Utilize free job search tools like nonprofit email list serves, local nonprofit job listings and your friends. Attend nonprofit networking events to introduce yourself to nonprofit professionals. Let them know you are looking for a job and would appreciate knowing about any open positions. Exchange business cards and keep in touch with people you meet. They may not know of a job opening right now, but can help you down the road.


There are certain nonprofits and specific positions that pay more than others. According to the AFP Compensation and Benefits Study, fundraisers made a median salary of $66,000 in 2009. The larger the nonprofit organization, often the more they can pay. Organizations with annual budgets of $1,000,000 or more have a fundraiser median pay of $62,000. Educational and health organizations like large universities and hospitals tend to be able to pay their employees the highest out of nonprofit institutes. Fundraisers who hold professional certification have higher salaries. Certified Fund Raising Executives (CFRE) reported an average salary of $95,798 versus those who did not have a certificate, earned an average salary of $70,463.


There are other incentives beyond salary. If you work with an organization that cannot pay you more money, ask for an elevated title. If you are an Assistant or Associate, ask to for a new title of Coordinator. If you are a Coordinator, ask for a Director title. Some organizations will offer education reimbursement. There is an advantage to both the organization and you to gain more knowledge and skills through a certificate or degree program.

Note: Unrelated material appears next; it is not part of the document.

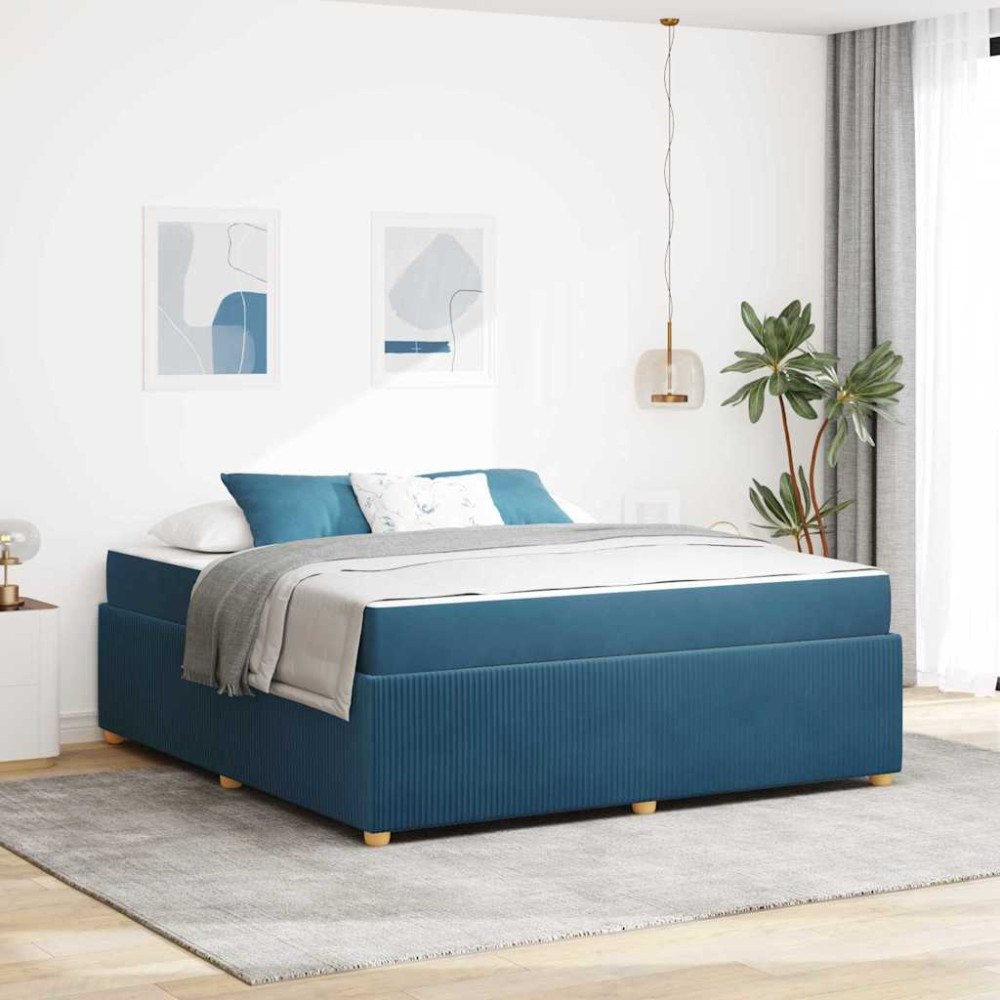 vidaXL Sängram med madrass Blå 180 x 200 cm tyg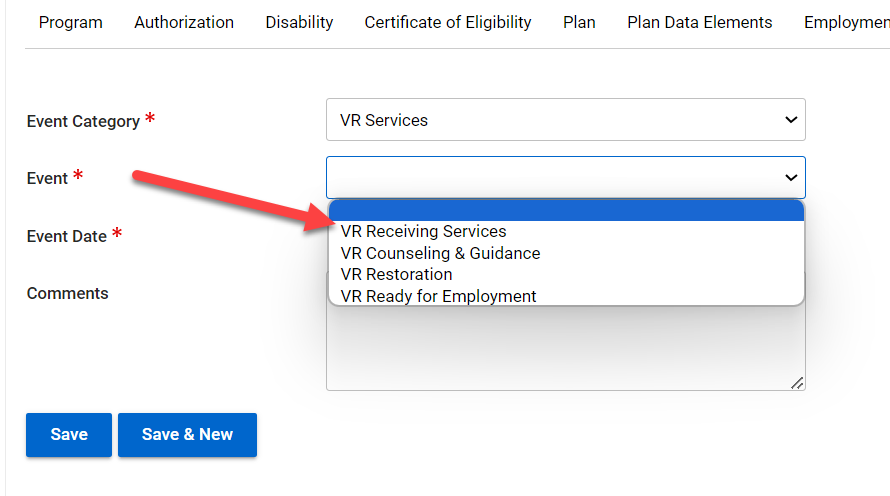 Event Drop-Down based on Event Category being VR Services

If you are looking for additional income, work with your boss to establish a performance-based bonus structure. Some organizations offer incentives to their fundraisers. The AFP guidelines say that percentage-based fundraising is not acceptable, but it is acceptable to have goals and metrics. With your boss you can set employment-based expectations. Set a personal goal (dollars raised, number of solicitations made, number of new donors confirmed, number of current donors renewed, etc.). Set a goal for your department if you are bigger than a one-person development shop. Also set a goal for the entire organization. There can be a minimum goal, a target goal and an exceed goal with incentives at each level.